As Managing Partner, Matt leads all aspects of Omidyar Network’s operations and strategy. He works closely with the co-founders and board of directors to ensure that Omidyar Network achieves its long-term mission and strategic objectives. Matt brings a wide range of executive, international, and multi-sector experience to his leadership of Omidyar Network. From 1999 to 2007, Matt was a member of eBay Inc.’s executive staff and served in a number of senior executive roles. As the general manager and later as president of eBay International, Matt was largely responsible for building eBay’s global footprint and driving phenomenal revenue growth. He grew the company’s global presence from five countries in mid 2000 to 25 countries two years later. During that time, he grew international revenue from approximately $2 million per quarter to more than $100 million per quarter.
After eBay acquired PayPal in 2002, Matt was selected to be PayPal’s first post-acquisition president and established PayPal as the global standard for online payments. Under his leadership, PayPal’s revenue more than tripled in its first two years with eBay. In 2004, Matt returned to eBay International, increasing annual revenue to nearly $2 billion, which was nearly half of eBay marketplace revenue. Matt also spearheaded eBay’s initiatives in Global Development and Citizenship, where he worked to bring the power of eBay to the developing world.
Rahim Kanani: Describe a little bit behind the founding and motivation of the Omidyar Network.
Matt Bannick: After eBay went public in 1998, Pierre Omidyar and his wife Pam decided to commit much of their wealth to the betterment of society. They first established a traditional foundation, focused on distributing money to worthy nonprofits. Seeing eBay scale in size and social impact, Pierre and Pam later broadened their scope to form Omidyar Network, which makes investments in for-profit companies as well as grants to nonprofit organizations.
Pierre and Pam established Omidyar Network in 2004 as a new type of philanthropy-marrying the social good focus of the nonprofit sector with the market incentives and drive for scale of the commercial world. At Omidyar Network, we invest in and help scale up entrepreneurial ventures that each have the potential to create opportunity for millions of people. We believe that creating opportunity for individuals enables people to improve the quality of their lives, the lives of their family and community, and will ultimately create a more fair and prosperous society.
At the heart of our strategy is a flexible approach to philanthropy. We embrace whatever tools necessary-including nonprofit grants and for-profit impact investments-to support high-impact social entrepreneurs and the broader environments in which they work.

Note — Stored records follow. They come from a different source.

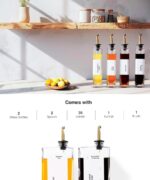 Elegant Gold Olive Oil Dispenser Set - 2-Piece Kitchen Essential for Oils, Vinegars, and Syrups with Stainless Steel Pourers - Image 5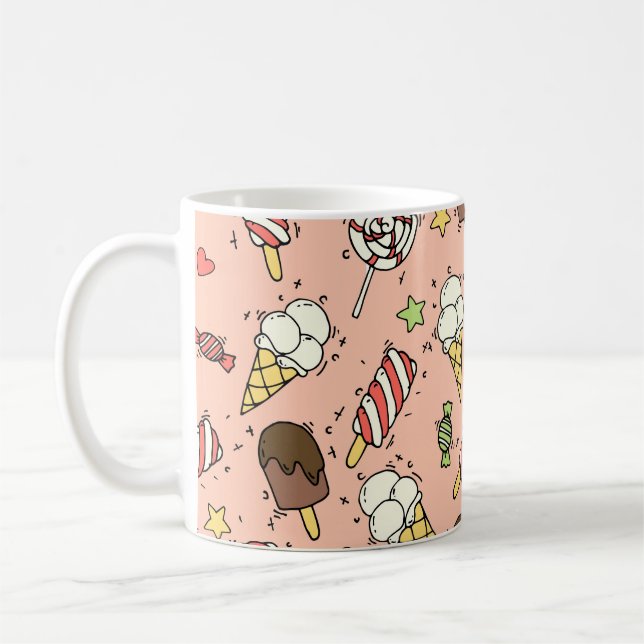 Seamless pattern with cute ice cream and lollipops coffee mug (Left)
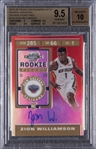 2019-20 Panini Contenders Optic Rookie Variation "Season Ticket" (Red) #135 Zion Williamson Signed Rookie Card (#04/49) – BGS GEM MINT 9.5/BGS 10
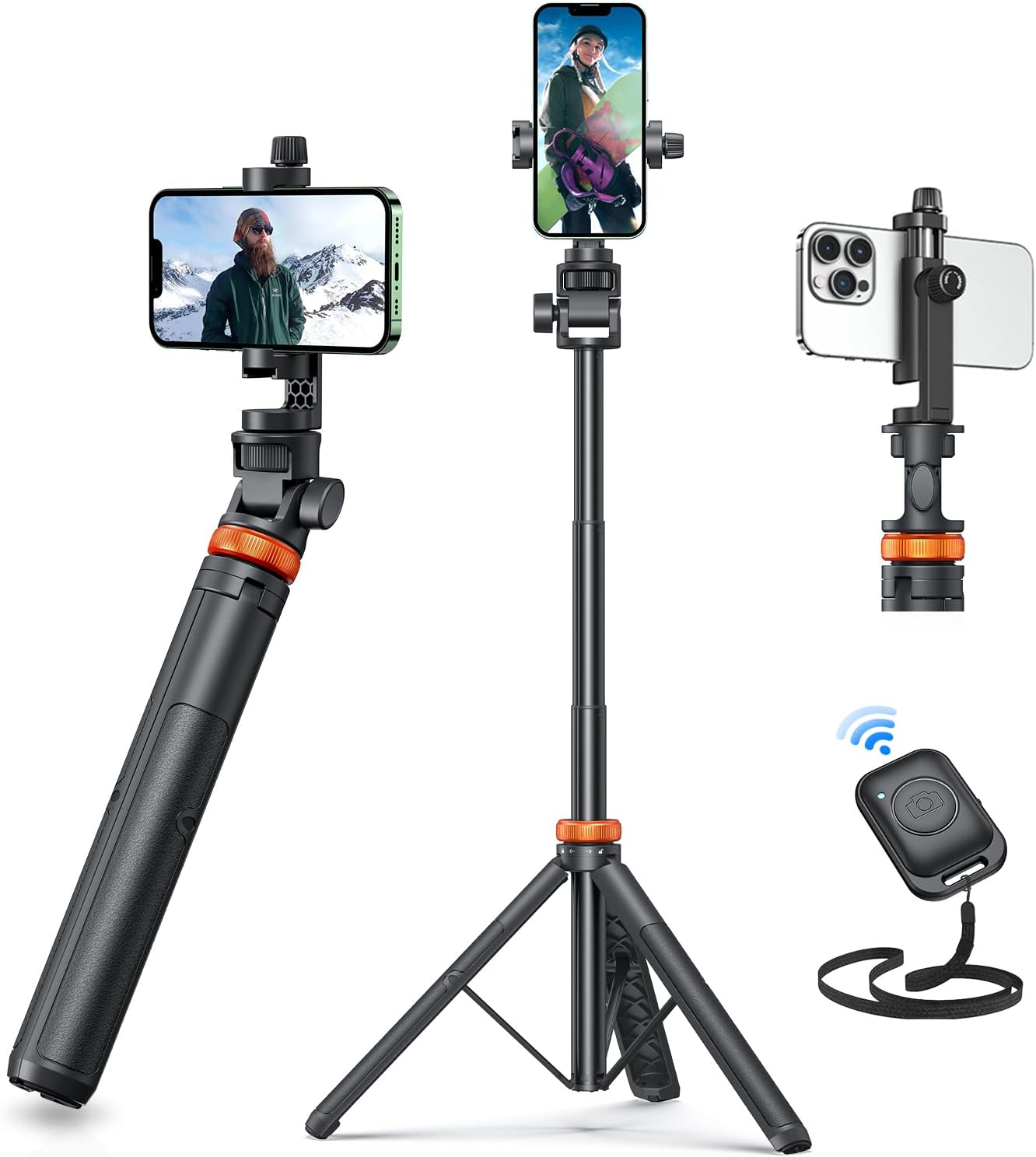 M.A&F's 62 inch" Phone Tripod, Tripod for iPhone & Selfie Stick Tripod with Remote, Extendable Phone Tripod Stand & Travel Tripod, Solidest Cell Phone Tripod Compatible with iPhone/Android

Our hybrid investment approach is supported by a hybrid organizational structure: we operate both a foundation and a for-profit investment fund under the same roof.
Rahim Kanani; As a philanthropic organization that invests in both mission-driven for-profit companies as well as gives grants to nonprofit organizations, is Omidyar Network trying to break the mold of traditional philanthropy?
Matt Bannick: Ultimately, Omidyar Network is part of a movement to break down artificial and unnecessary boundaries between nonprofit and for-profit sectors so that we can reach effective solutions more quickly. It’s a vision for philanthropy that’s not just about charity, nor even just about business-but about what really works. We want to illustrate the importance of finding hybrid solutions to pressing social problems.
If there’s any message we’d like to share, it’s that we need to avoid the straightjacket of either/or thinking and embrace the power of AND. Both grants AND investments are critical for progress.